• [Brief] Pictures stay out of the output. Return exactly the lines below from the one with "Twin Room Ensuite - Female - 5" down to the one with "NWT Lulus V.I.P.", both included, and nothing more.

• [The data]
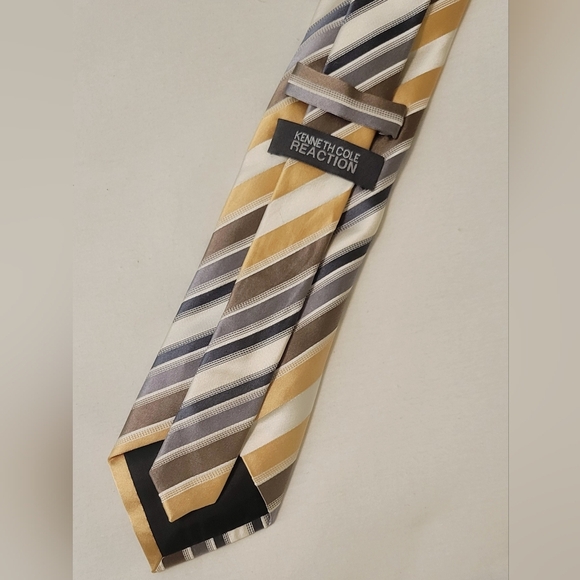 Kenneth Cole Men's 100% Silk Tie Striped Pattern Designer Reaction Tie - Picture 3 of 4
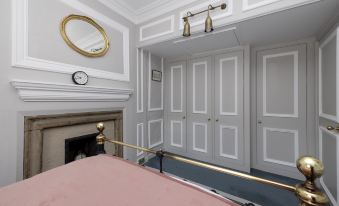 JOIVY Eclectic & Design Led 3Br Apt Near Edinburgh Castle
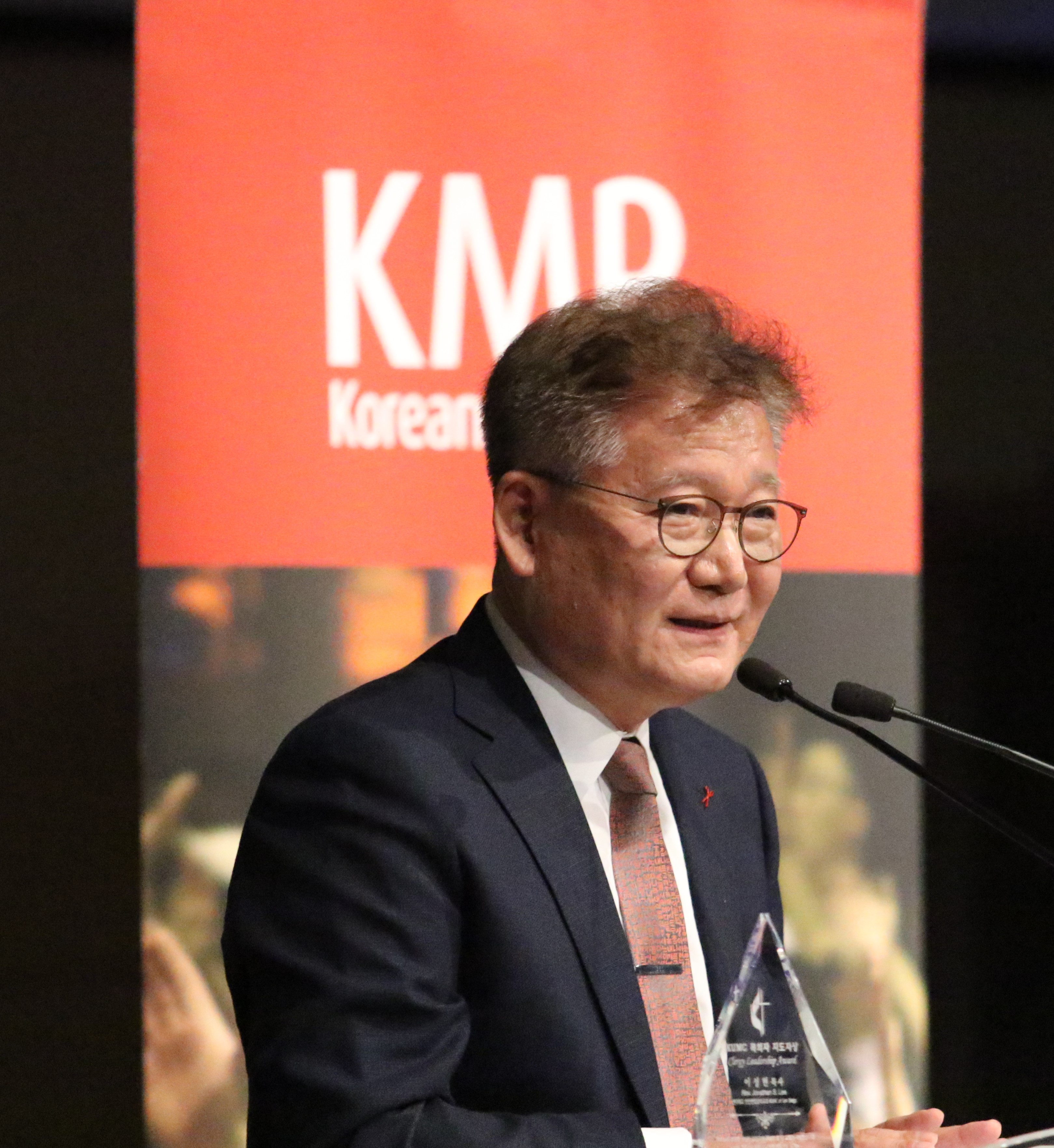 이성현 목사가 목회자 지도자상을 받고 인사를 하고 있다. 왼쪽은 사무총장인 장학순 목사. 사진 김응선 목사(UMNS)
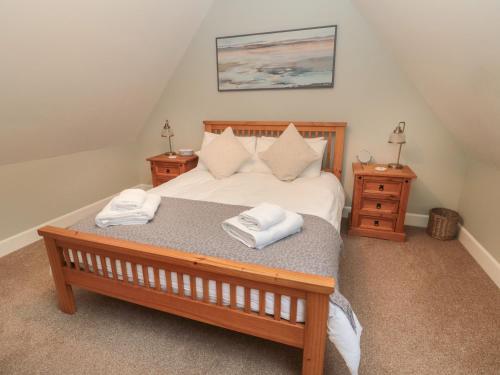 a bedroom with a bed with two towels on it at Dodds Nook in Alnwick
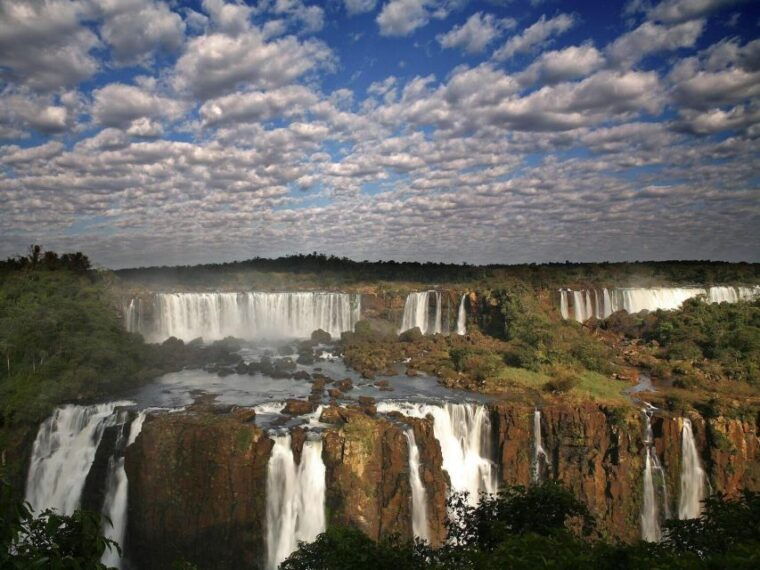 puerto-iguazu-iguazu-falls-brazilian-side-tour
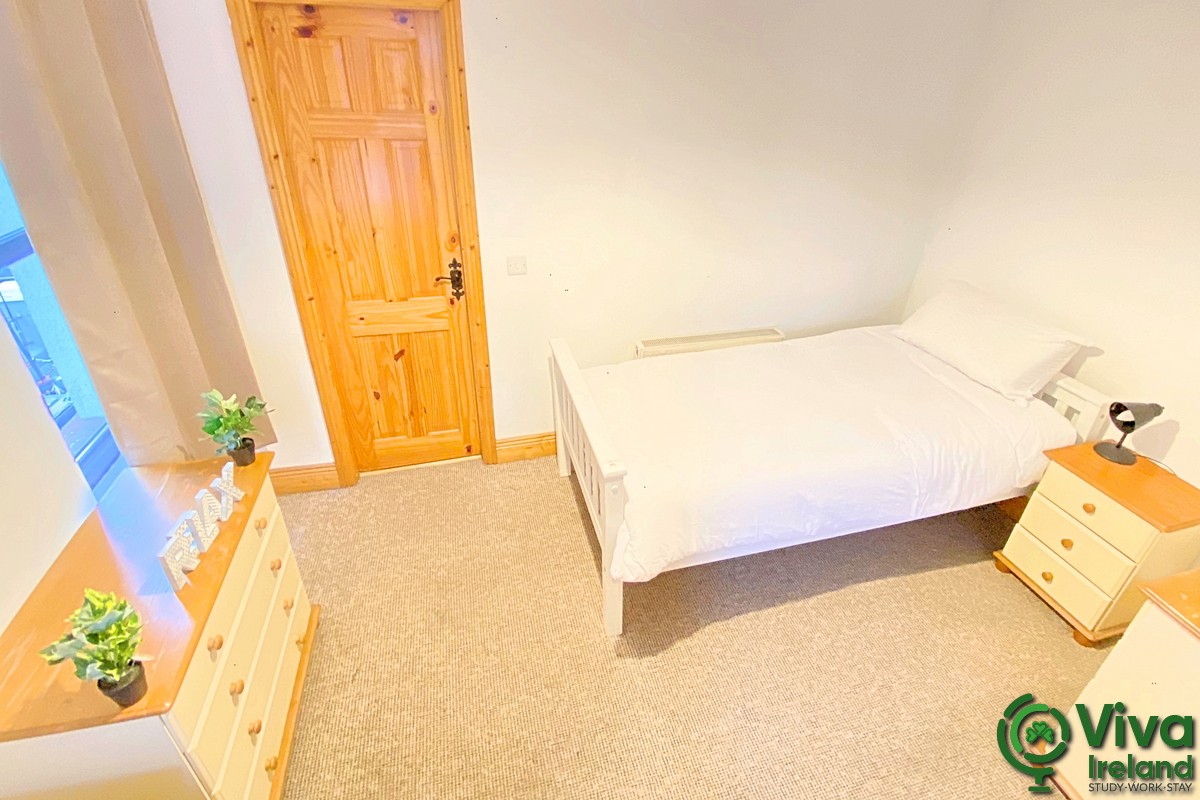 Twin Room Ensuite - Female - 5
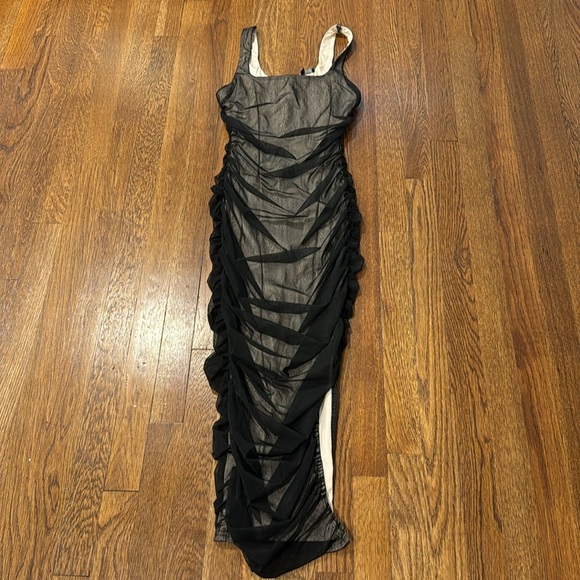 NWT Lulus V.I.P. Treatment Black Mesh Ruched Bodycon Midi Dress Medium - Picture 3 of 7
* * *
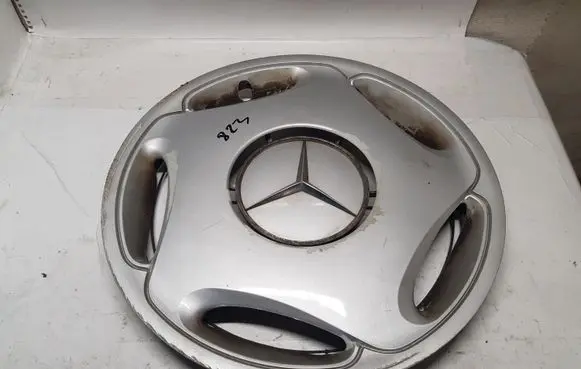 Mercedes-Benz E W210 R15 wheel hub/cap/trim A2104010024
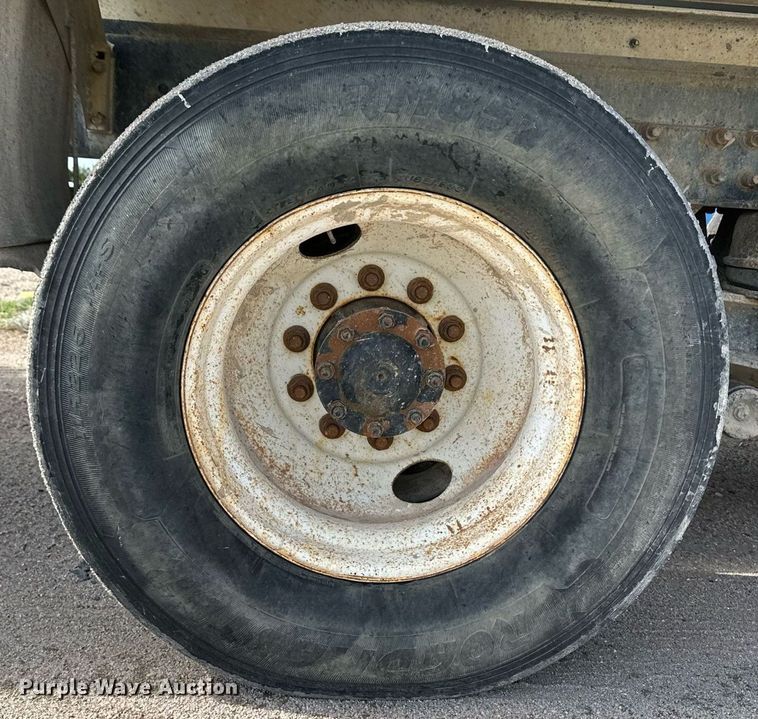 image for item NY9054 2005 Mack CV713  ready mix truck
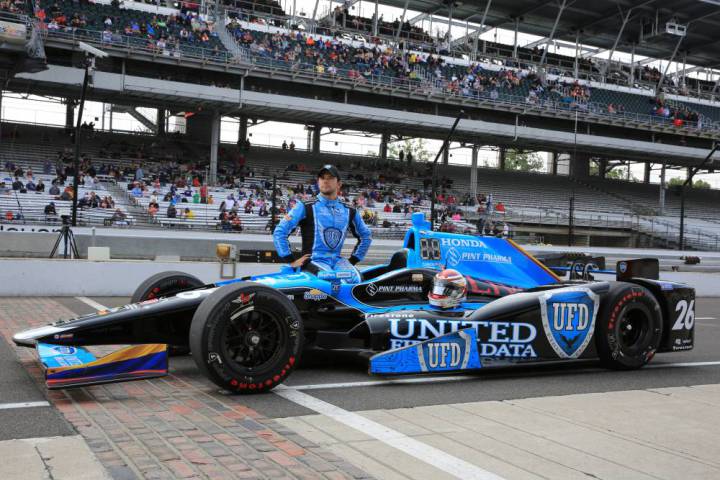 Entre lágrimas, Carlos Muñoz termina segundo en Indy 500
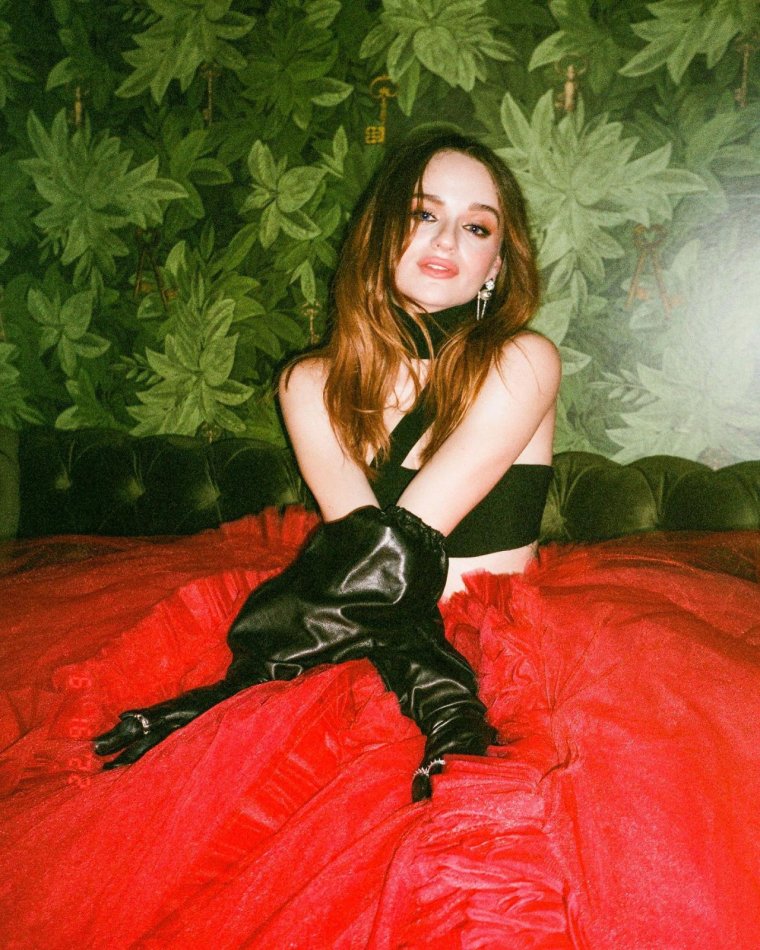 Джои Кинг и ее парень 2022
--
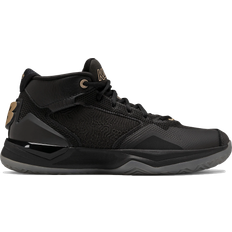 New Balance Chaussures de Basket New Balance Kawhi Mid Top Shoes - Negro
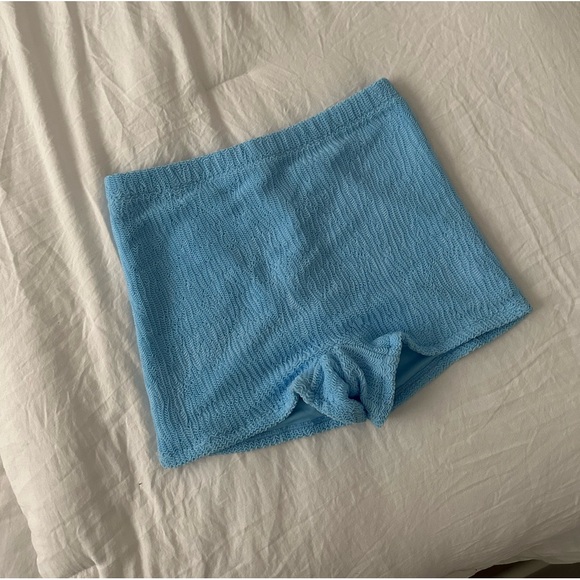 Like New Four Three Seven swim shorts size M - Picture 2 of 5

• [Solution for this task]
 Twin Room Ensuite - Female - 5
 NWT Lulus V.I.P. Treatment Black Mesh Ruched Bodycon Midi Dress Medium - Picture 3 of 7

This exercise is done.